PS: to all those who replied to the last post with messages of sympathy and support, thank you. I found solace in them.
Hi Bevan.
Thank you for this timely, passionate and engaging read. Just what I needed this morning after yet more conversations yesterday about what people think they mean when they talk about the 'science of learning'. Here in Australia, we are being similarly gripped by a strange and very myopic frenzy of panic - especially about reading. There is so much I could say ... but one thing I know. After almost 40 years of work in classrooms all around the world, if we do not give kids the time and space to reveal and explore the things they are curious about and if we do not lean into that curiosity and allow them opportunities to engage in learning about the world around (and within) we lose the most important ingredient in learning (and this is scientifically backed!) - the desire and will to learn.
Thanks for this, Bevan.
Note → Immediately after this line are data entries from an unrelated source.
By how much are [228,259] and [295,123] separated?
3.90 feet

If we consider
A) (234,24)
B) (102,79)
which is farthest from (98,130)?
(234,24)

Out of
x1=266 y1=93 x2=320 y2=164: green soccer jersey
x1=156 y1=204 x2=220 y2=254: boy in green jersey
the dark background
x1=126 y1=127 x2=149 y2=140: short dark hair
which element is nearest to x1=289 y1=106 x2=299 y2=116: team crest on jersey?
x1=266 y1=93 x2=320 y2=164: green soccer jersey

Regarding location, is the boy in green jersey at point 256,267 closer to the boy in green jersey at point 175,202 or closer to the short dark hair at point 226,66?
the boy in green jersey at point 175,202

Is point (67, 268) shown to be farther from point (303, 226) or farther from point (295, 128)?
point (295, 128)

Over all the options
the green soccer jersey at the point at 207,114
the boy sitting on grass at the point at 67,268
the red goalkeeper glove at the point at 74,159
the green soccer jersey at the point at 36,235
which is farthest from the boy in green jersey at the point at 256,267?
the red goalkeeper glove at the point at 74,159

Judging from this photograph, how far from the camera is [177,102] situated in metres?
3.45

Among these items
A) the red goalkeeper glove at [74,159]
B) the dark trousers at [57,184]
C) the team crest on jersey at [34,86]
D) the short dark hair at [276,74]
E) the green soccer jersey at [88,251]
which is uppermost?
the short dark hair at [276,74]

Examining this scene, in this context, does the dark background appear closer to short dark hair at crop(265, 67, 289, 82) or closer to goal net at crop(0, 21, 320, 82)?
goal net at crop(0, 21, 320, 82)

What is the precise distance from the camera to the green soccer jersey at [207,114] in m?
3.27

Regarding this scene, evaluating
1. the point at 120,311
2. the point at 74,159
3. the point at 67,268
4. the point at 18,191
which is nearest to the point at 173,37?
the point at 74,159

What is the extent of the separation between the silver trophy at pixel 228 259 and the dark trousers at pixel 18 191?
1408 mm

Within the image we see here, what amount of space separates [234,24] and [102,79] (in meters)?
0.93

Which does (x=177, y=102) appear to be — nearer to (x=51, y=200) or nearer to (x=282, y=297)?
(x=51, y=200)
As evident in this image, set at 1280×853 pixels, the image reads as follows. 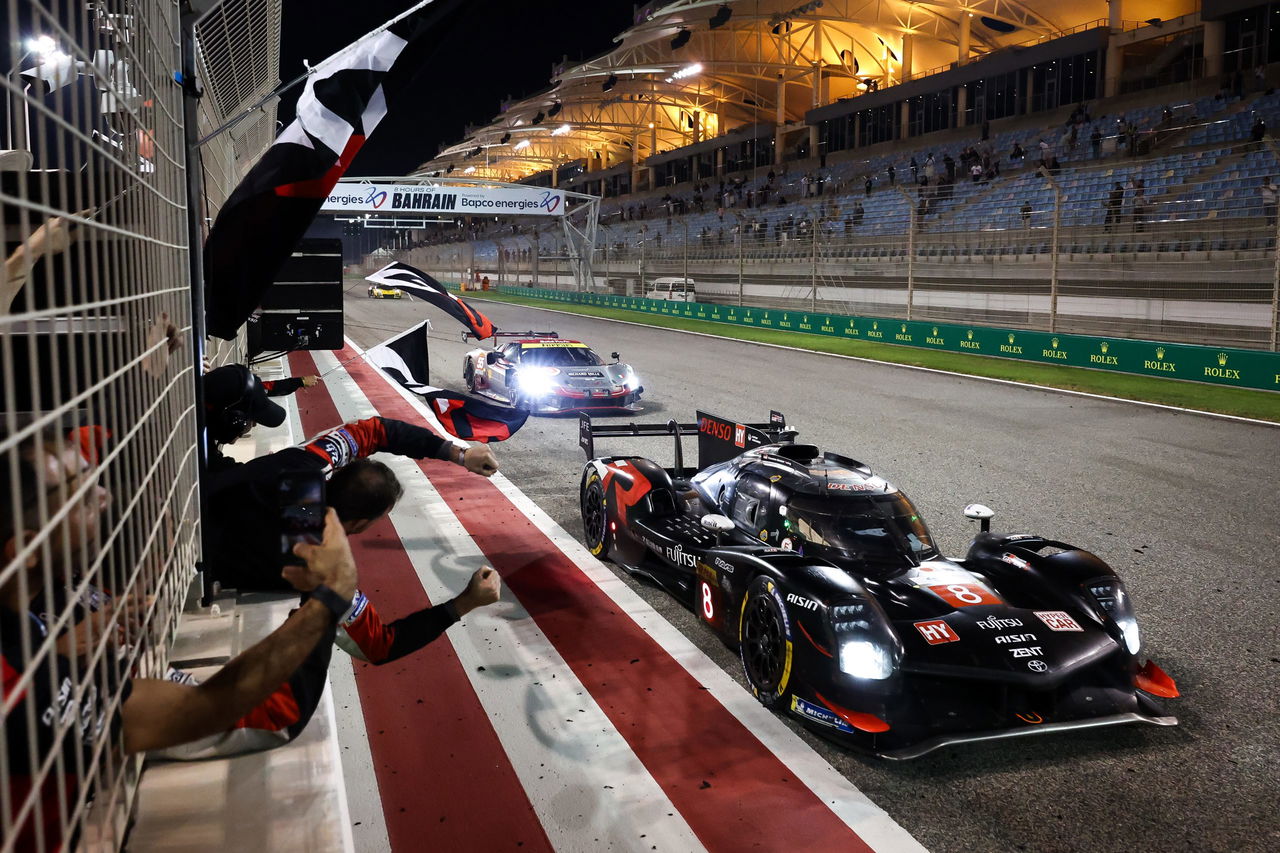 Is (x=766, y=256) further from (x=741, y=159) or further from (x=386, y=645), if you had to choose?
(x=386, y=645)

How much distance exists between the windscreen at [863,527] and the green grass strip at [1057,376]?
34.0 ft

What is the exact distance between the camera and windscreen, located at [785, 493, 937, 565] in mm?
5504

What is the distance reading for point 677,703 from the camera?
5023 millimetres

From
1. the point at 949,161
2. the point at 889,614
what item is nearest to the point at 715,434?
the point at 889,614

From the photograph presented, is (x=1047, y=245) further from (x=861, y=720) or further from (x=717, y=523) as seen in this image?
(x=861, y=720)

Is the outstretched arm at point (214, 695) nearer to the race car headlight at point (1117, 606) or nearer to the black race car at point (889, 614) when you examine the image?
the black race car at point (889, 614)

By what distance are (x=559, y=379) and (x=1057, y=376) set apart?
31.8 ft

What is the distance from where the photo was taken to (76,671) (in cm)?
217

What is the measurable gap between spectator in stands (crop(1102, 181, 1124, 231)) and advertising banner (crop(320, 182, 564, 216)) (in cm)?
1985

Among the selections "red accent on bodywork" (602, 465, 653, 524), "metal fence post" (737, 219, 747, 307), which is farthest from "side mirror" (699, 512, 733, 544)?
"metal fence post" (737, 219, 747, 307)

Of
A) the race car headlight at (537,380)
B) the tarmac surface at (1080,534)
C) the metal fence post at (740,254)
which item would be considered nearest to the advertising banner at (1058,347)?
the metal fence post at (740,254)

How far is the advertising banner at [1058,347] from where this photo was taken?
16.4 meters

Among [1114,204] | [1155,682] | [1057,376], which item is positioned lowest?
[1155,682]

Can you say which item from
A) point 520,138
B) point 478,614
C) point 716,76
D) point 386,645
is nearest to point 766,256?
point 716,76
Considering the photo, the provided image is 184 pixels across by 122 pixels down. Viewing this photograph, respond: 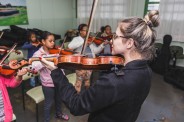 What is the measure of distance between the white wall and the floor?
2263 millimetres

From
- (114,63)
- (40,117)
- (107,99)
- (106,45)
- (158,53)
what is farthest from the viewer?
(158,53)

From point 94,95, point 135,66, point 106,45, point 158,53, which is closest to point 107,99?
point 94,95

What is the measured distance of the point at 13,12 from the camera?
14.0 feet

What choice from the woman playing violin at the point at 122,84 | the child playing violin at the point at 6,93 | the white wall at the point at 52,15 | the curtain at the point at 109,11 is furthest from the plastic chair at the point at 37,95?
the curtain at the point at 109,11

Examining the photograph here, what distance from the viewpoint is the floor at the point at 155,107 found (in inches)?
97.5

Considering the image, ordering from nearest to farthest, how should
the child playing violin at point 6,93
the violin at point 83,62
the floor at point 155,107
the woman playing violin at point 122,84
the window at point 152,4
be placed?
the woman playing violin at point 122,84 < the violin at point 83,62 < the child playing violin at point 6,93 < the floor at point 155,107 < the window at point 152,4

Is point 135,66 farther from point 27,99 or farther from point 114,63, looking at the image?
point 27,99

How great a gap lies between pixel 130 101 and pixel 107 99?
0.43ft

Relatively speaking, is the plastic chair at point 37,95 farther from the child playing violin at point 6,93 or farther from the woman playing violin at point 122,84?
the woman playing violin at point 122,84

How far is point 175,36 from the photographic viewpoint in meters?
4.27

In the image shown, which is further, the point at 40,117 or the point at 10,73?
the point at 40,117

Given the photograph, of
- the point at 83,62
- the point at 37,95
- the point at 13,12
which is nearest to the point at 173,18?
the point at 37,95

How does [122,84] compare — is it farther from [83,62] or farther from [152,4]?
[152,4]

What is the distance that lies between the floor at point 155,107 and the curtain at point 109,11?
2393mm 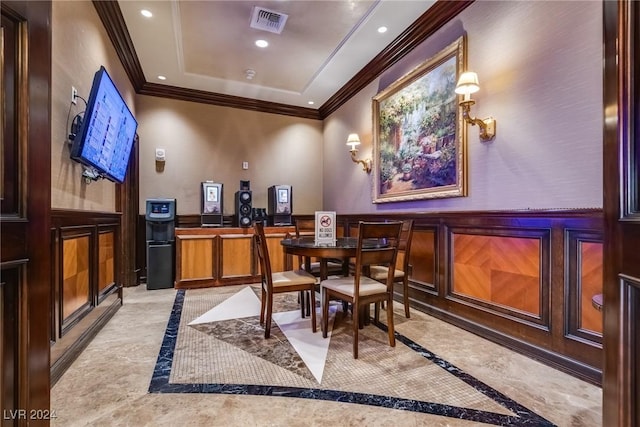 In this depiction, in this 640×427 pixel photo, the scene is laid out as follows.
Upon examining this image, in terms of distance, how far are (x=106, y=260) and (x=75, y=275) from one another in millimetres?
730

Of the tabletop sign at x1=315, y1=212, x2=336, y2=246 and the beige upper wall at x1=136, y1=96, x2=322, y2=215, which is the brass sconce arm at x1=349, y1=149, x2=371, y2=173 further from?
the tabletop sign at x1=315, y1=212, x2=336, y2=246

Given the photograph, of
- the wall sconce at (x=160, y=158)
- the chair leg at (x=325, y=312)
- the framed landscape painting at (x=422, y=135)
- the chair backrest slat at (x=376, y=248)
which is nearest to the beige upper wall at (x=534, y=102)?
the framed landscape painting at (x=422, y=135)

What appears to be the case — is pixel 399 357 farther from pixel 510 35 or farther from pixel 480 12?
pixel 480 12

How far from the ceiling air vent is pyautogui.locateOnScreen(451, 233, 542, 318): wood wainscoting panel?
2.73 m

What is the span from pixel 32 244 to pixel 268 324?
1.75 metres

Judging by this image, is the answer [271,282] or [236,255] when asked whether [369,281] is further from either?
[236,255]

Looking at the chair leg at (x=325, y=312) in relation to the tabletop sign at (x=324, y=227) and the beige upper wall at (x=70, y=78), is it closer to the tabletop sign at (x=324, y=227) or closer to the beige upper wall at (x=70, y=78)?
the tabletop sign at (x=324, y=227)

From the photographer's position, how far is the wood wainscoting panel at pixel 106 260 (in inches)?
106

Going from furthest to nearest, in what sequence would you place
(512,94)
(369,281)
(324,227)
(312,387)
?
1. (324,227)
2. (369,281)
3. (512,94)
4. (312,387)

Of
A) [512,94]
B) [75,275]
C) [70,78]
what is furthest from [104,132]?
[512,94]

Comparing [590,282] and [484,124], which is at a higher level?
[484,124]

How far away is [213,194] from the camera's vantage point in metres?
4.41

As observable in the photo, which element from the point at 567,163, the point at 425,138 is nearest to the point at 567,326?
the point at 567,163

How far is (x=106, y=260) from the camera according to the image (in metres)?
2.88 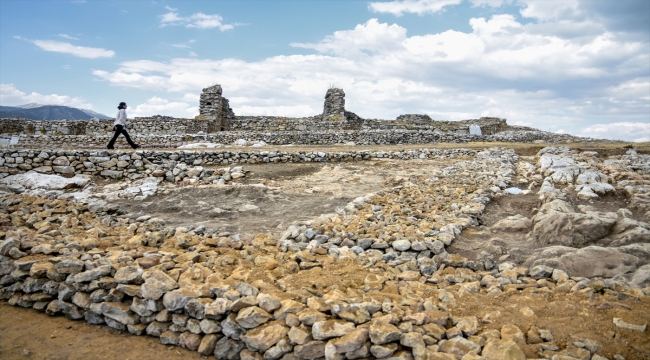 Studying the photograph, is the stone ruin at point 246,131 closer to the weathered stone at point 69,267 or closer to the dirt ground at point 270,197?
the dirt ground at point 270,197

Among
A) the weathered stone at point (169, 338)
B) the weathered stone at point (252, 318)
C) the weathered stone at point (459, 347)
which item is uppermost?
the weathered stone at point (459, 347)

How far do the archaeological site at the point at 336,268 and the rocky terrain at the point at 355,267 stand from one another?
22mm

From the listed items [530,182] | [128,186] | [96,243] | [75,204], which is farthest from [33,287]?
[530,182]

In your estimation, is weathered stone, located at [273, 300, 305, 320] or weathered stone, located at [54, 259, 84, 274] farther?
weathered stone, located at [54, 259, 84, 274]

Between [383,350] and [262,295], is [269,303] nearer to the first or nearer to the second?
[262,295]

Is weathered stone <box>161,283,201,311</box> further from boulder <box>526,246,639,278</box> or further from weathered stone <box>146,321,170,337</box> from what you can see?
boulder <box>526,246,639,278</box>

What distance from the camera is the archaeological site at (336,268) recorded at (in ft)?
11.2

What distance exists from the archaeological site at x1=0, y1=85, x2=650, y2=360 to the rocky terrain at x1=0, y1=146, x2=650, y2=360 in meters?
0.02

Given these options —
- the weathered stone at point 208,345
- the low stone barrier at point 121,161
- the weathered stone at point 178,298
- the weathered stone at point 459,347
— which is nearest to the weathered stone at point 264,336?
the weathered stone at point 208,345

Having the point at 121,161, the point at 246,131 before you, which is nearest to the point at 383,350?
the point at 121,161

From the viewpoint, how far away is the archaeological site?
11.2 ft

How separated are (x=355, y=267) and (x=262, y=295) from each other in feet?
4.22

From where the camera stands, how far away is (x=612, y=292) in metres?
3.69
A teacher in our Studio for Playful Inquiry recently named this distinction as The Science of Market Prioritized Discrepant Skills vs The Science of Human Flourishing. Seemed dead on.
Personally, I love reading and I treasure knowing how to read. I can also imagine - given the speed of technological shifts - that the children we work with today might live in a world where the written word is almost nonexistent - where you look at a document or an object and its meaning is communicated through something other than text. I'm not banking on it, but just as a thought experiment: If that is the world they inhabit, what is gained - and what is lost - by dedicating all our resources to decoding text?